Your task: Under this line are the records; write out word for word the part that begins at the line containing "德国一条<strong>高速</strong>公路的空中镜头，4k" and ends at the line containing "Moto2 Assen, Dixon", and no more.

========================================================================

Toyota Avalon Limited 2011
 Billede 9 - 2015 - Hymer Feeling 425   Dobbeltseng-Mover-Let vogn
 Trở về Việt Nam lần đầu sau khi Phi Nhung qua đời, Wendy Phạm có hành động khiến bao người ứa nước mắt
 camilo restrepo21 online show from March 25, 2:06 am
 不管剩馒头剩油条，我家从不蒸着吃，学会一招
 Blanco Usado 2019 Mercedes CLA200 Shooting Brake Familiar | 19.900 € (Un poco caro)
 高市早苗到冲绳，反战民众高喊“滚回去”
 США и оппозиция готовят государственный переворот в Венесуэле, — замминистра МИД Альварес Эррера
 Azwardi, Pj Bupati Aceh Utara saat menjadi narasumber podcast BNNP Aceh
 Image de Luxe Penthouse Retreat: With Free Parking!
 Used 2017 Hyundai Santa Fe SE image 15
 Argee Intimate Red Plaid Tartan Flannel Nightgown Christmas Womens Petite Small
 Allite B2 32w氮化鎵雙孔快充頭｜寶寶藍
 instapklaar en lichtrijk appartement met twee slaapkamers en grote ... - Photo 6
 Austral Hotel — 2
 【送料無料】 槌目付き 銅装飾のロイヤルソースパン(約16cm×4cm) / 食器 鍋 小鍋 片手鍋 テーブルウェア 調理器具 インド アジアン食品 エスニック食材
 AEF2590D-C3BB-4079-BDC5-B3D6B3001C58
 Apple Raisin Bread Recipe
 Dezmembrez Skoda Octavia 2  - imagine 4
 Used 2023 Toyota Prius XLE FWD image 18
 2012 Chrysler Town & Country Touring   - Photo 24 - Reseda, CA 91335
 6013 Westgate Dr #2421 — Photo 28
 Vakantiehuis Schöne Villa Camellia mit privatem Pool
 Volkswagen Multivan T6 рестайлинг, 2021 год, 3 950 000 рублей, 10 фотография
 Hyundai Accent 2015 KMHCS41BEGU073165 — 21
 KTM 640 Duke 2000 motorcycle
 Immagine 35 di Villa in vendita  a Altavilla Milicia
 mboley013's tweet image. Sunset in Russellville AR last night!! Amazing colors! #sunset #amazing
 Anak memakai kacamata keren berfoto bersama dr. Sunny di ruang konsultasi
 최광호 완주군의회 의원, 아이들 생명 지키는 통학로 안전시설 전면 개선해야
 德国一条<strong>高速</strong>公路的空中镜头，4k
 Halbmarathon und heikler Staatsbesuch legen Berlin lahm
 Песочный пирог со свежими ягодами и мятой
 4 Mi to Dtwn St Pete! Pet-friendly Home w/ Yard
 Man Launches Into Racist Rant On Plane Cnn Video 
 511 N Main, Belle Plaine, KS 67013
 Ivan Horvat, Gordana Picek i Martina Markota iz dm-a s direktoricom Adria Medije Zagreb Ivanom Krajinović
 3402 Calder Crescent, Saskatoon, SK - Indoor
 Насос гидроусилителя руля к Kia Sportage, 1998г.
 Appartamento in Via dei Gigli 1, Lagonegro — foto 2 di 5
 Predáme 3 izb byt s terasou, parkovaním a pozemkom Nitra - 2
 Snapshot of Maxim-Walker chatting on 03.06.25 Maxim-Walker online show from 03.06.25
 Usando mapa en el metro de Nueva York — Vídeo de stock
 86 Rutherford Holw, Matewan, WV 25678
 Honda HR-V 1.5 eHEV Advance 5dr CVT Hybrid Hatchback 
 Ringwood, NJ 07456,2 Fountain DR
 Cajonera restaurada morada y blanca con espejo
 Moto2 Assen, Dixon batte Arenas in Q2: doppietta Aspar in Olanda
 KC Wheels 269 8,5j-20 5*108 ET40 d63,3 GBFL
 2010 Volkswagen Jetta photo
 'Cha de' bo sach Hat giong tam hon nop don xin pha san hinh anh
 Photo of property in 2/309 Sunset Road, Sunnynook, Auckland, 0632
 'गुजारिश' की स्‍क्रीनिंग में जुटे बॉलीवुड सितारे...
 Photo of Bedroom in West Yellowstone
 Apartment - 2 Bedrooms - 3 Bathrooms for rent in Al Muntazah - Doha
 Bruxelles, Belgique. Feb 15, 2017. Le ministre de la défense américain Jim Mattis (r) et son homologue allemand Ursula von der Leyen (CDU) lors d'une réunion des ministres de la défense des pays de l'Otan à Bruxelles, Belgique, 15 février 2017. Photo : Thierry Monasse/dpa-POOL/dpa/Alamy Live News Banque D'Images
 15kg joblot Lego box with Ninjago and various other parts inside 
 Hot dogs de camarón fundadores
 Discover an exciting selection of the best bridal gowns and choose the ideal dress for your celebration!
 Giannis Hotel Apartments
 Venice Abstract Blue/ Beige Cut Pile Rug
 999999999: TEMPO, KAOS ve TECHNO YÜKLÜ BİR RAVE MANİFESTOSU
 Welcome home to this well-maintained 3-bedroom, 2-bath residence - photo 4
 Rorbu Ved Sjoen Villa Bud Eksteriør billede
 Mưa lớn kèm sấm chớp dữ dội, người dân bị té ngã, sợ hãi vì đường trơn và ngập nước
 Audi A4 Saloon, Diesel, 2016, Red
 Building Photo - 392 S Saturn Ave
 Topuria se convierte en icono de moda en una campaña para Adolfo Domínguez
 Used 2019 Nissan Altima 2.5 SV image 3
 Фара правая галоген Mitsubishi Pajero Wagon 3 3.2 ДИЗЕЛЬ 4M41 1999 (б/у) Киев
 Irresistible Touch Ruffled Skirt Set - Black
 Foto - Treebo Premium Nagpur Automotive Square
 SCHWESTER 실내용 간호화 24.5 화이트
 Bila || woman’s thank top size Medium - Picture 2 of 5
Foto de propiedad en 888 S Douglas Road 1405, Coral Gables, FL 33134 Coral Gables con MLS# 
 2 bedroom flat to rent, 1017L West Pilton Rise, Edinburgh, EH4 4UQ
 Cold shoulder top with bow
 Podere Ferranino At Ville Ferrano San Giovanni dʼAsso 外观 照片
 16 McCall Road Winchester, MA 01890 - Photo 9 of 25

========================================================================

Finished task:
 德国一条<strong>高速</strong>公路的空中镜头，4k
 Halbmarathon und heikler Staatsbesuch legen Berlin lahm
 Песочный пирог со свежими ягодами и мятой
 4 Mi to Dtwn St Pete! Pet-friendly Home w/ Yard
 Man Launches Into Racist Rant On Plane Cnn Video 
 511 N Main, Belle Plaine, KS 67013
 Ivan Horvat, Gordana Picek i Martina Markota iz dm-a s direktoricom Adria Medije Zagreb Ivanom Krajinović
 3402 Calder Crescent, Saskatoon, SK - Indoor
 Насос гидроусилителя руля к Kia Sportage, 1998г.
 Appartamento in Via dei Gigli 1, Lagonegro — foto 2 di 5
 Predáme 3 izb byt s terasou, parkovaním a pozemkom Nitra - 2
 Snapshot of Maxim-Walker chatting on 03.06.25 Maxim-Walker online show from 03.06.25
 Usando mapa en el metro de Nueva York — Vídeo de stock
 86 Rutherford Holw, Matewan, WV 25678
 Honda HR-V 1.5 eHEV Advance 5dr CVT Hybrid Hatchback 
 Ringwood, NJ 07456,2 Fountain DR
 Cajonera restaurada morada y blanca con espejo
 Moto2 Assen, Dixon batte Arenas in Q2: doppietta Aspar in Olanda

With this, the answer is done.